A thought experiment. How to spend $28-plus million on middle school education? My two cents.

The consensus in educational research points to the five-year stretch between fourth and eighth grades as the make-or-break period for the vast majority of students. Risky and exciting. While some get lost in terms of the curriculum and with the challenges leading into and out of puberty, others use these years as a springboard to high school and beyond.

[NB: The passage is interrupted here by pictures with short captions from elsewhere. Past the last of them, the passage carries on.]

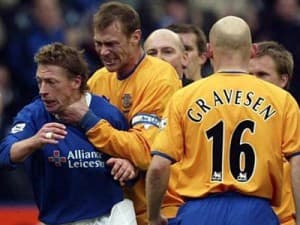 Duncan Ferguson (dusi) należał do największych problemów szkockiego menedżera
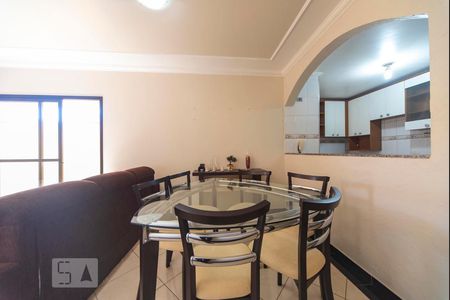 Sala de apartamento à venda com 3 quartos, 97m² em Vila Camilópolis, Santo André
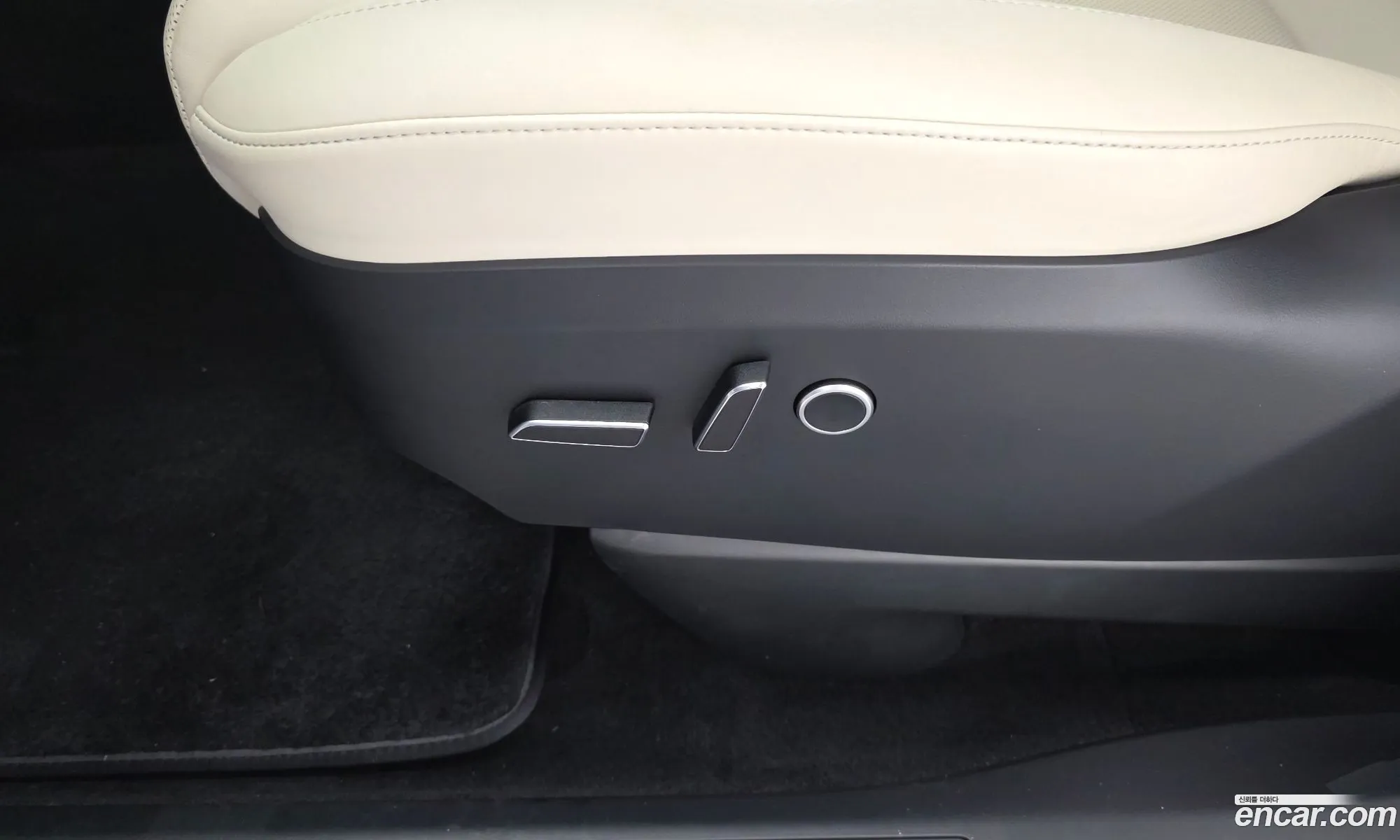 Tesla Model X 2023 — 9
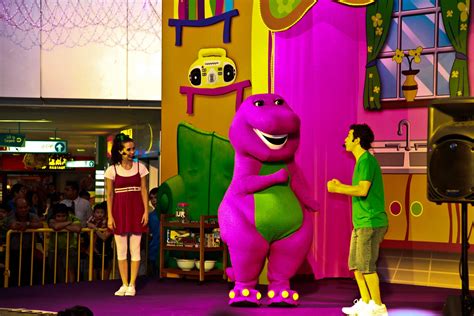 Pretty Brainy Crazy Rheiny: A Christmas surprise from Barney and Friends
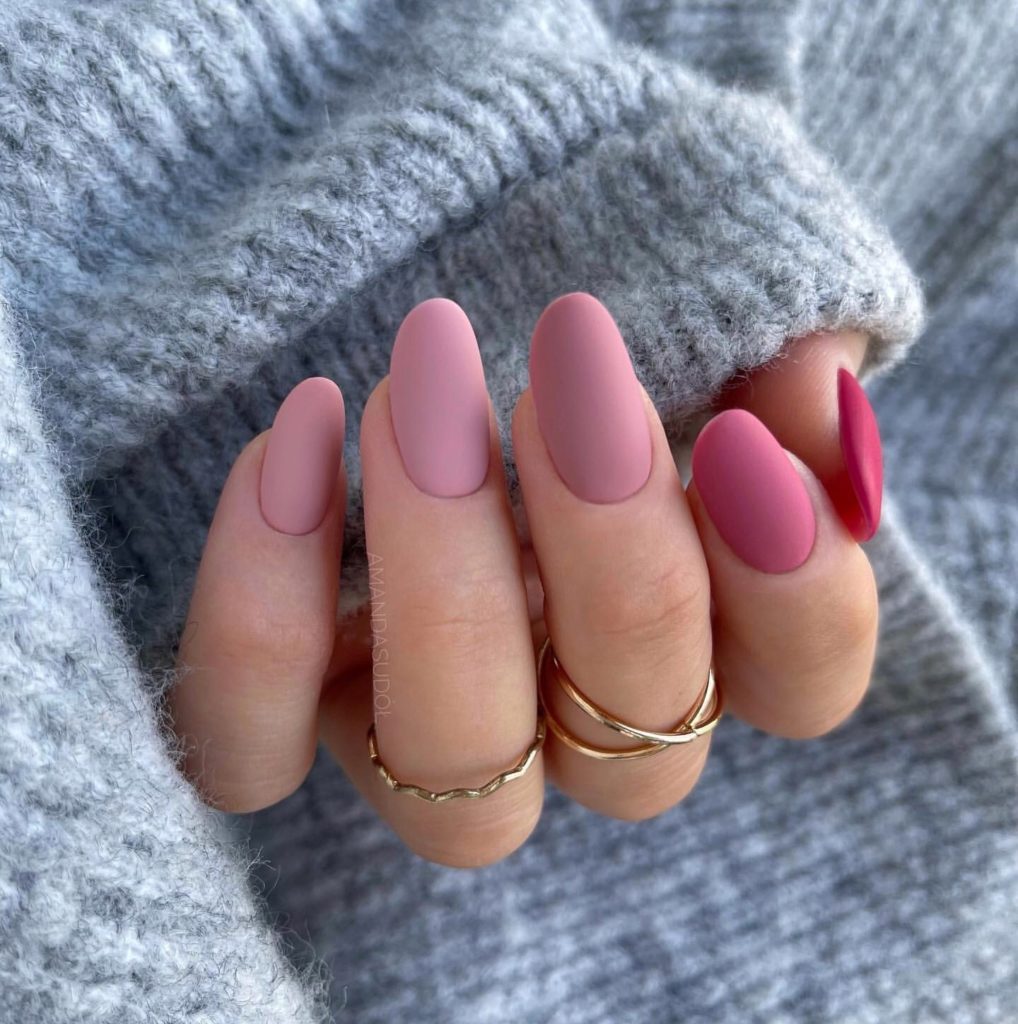 Однотонный матовый маникюр на овальные ногти в розовых оттенках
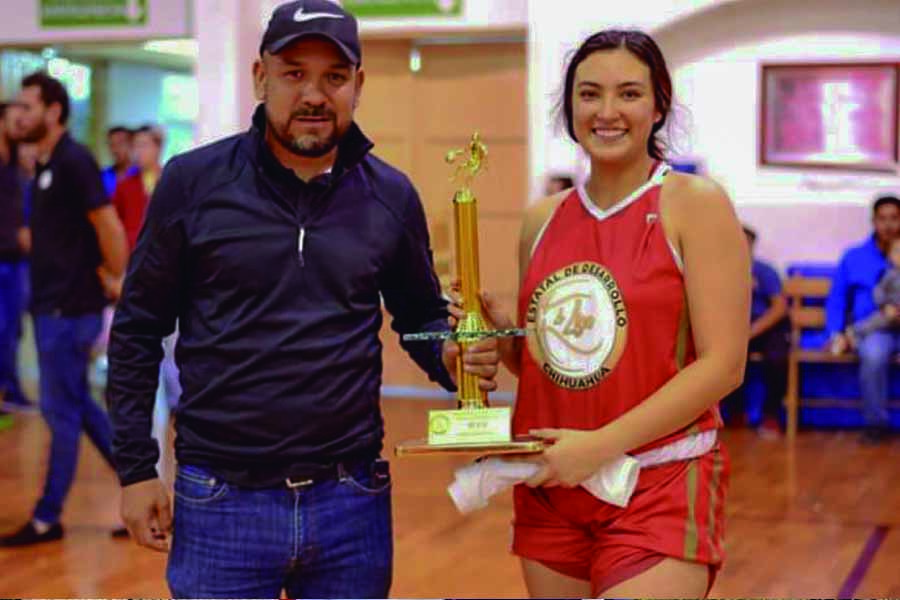 Andrea recibiendo el premio MVP.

A strong 21st century curriculum requires mastery of math and symbolic language, written and spatial expression, and critical thinking. To achieve such goals requires more hands-on work, experimentation, projects. It requires active learning, inspiration and wonderment. No school building is worth sacrificing these essential elements of education. A weak curriculum relies on MCQ exams, passive learning and busywork. Curricula that roots out the excitement of these years and replacing it with processing and ploughing through state-recommended textbooks drives a wedge between schooling and education and creates exhausted and cynical drones of our children.

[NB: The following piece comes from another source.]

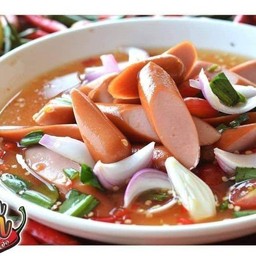 ยำไส้กรอก + หมูยออุบลเน้นๆ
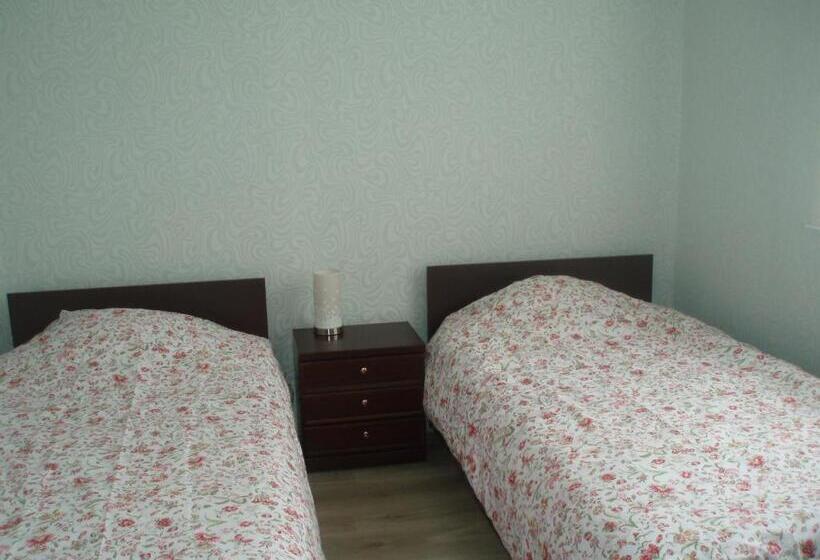 پانسیون Centra House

These transitional years also demand a greater emphasis on student health. I would like to see more counseling, not just in terms of intervention. Counselors should collaborate with teaching colleagues to ensure more inclusivity and to develop more pathways in developing confidence and self worth. More effort should be placed on transition and on getting students to tap into their potential.

I would gladly pay higher taxes for curricular reform and more counseling. Education before schools. Kids before buildings.